The first thing I noticed when seeing the SGI demos for the first time is that the menu UI is strikingly similar to the file select screen in Super Mario 64.

Of course, Nintendo 64 was developed in partnership with Silicon Graphics, so there's a clear connection, and I'm far from the first to make this observation. Still, I feel as though there must be some untold history where perhaps it was used as a placeholder menu early in development, but the team grew fond of it and eventually used the same effect for the final release.

Here's a decent comparison: https://www.resetera.com/threads/super-mario-64-took-its-3d-...

Mario 64 had undercurrents of a dreamy, abstract, dare-I-say vaporwave-y quality that I attribute to the undersung influence of SGI specifically and early American 3D animation in general on its development that I think is a big part of its enduring appeal; the Galaxies and Odyssey are technically superior and more polished and certainly classics in their own right, but even among younger generations it seems like Mario 64 remains the definitive 3D Mario.

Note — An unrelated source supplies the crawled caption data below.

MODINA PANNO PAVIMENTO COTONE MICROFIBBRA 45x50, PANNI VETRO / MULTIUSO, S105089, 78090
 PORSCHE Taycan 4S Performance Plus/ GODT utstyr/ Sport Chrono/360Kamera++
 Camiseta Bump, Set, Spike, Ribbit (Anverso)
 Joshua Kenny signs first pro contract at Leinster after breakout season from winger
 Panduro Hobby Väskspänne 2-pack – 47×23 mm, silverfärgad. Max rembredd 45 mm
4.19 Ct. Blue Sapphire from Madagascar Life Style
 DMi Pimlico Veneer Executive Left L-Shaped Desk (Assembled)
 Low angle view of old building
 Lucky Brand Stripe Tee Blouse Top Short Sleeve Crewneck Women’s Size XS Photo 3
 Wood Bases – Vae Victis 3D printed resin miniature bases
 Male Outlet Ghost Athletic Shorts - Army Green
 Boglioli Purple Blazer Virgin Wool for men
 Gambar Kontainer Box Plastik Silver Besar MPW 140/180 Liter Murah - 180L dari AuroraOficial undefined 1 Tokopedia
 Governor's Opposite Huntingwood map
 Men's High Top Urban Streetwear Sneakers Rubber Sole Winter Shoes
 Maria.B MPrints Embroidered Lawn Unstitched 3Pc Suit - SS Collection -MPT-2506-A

My favourite demonstration of this is a comparison between The Secret Aquarium bonus stage [0] with one of the animations in The Mind's Eye [1] (technically this is from Symbolics rather than SGI, but 3D animators of the time were in metaphorical conversation with each other), but this is maybe the most explicit example of just how direct that connection was.

[0] https://www.youtube.com/watch?v=ARbWJX-P1oM

[1] https://www.youtube.com/watch?v=NYBes8ki3lo

Didn’t Jurassic Park have a similar interface running on the workstations?